The professionals in Crime and Punishment employ their powers of observation sympathetically. Zosimov offers readers as well as Raskolnikov's family a clinical analysis, focusing on diagnosis and treatment. He leaves the psychologizing to his patient, and Dostoevsky leaves it to readers. Porfiry, on the other hand, offers readers an investigatory analysis that pays as close attention to Raskolnikov's character and actions as it does to the material evidence. During his first meeting with Raskolnikov, Porfiry mostly observes but also tests Raskolnikov. During the second, he plays antagonist, hoping to get his suspect to confess or incriminate himself. During the third, Porfiry appeals to Raskolnikov's conscience and sense of justice.
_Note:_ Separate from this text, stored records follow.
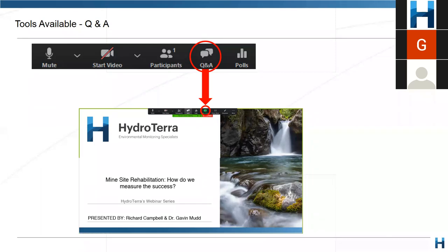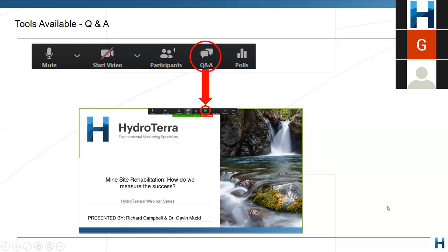Before we get started, just a few logistics. If you want to ask a question during the presentation, use the Q&A button depicted on your screen and type away. The success of these presentations in our minds comes from lots of questions — we are really looking to share knowledge and collaborate to take the industry forward. If we don't get through all questions today, we will address them and send you an email response soon after the webinar.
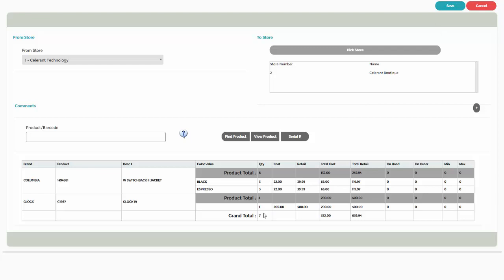If the product being transferred is serialized, then the serial number being transferred must be entered as well. Click on the serialized product, then click on Serial Number to open the serial number entry screen.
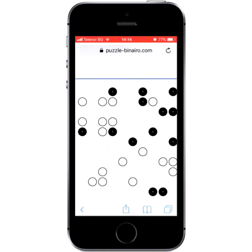Tap a cell to place a black circle. Tap again to make the circle white. A third tap will clear the cell. You can now solve puzzles like a pro.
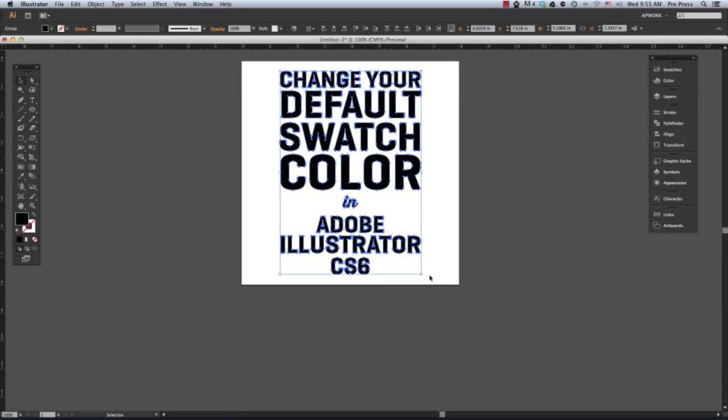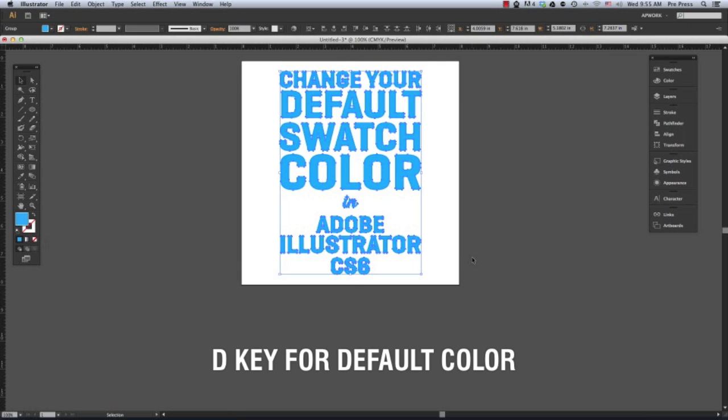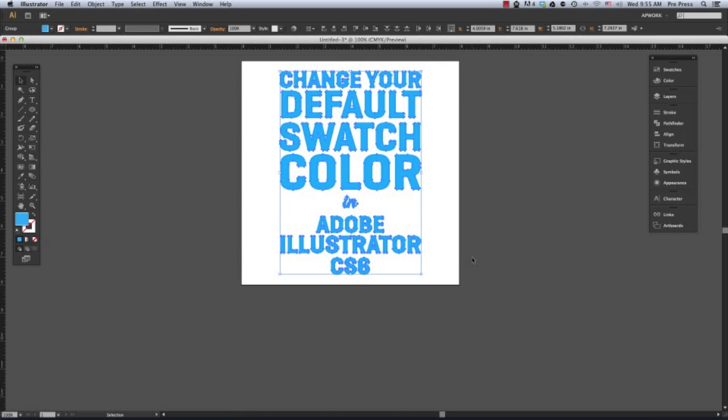Now, when you hit the D key on your keyboard, the default colors will be the newly selected colors. Here we go.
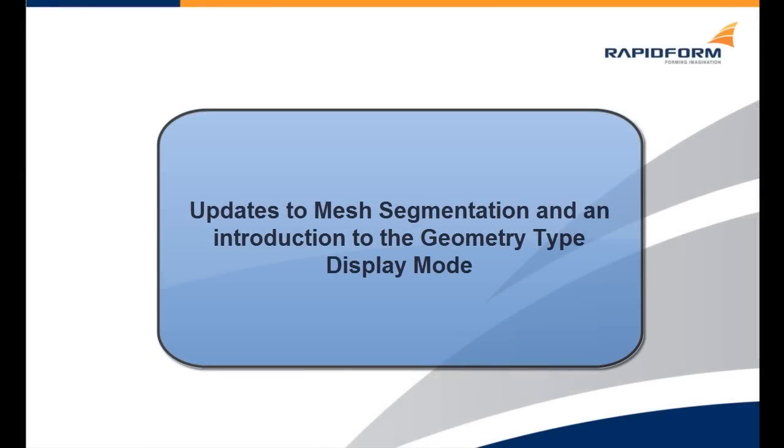In this clip, we will be learning how to segment a mesh into regions based on geometry types using some of the enhanced functions of this version of the application.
He asks Raskolnikov to put aside their agonistic relationship and act on his own behalf: Porfiry wants him to confess not only for the sake of his soul16 but also for the sake of the accused innocent Mikolka.

As Porfiry lays out his investigatory process, readers see that he deploys both intuition and reason. Porfiry explains that because «эта проклятая психология о двух концах!» / "this cursed psychology is double-ended!", all his evidence «до последней черты можно в другую сторону объяснить» / "can be explained in the opposite sense" [Достоевский 1972-1990: VI, 346]. He thus yearns for a «черточку» / "trace", for something that will prove

16 See [Ronner 2015] for a discussion of Porfiry's role as a practitioner of therapeutic justice.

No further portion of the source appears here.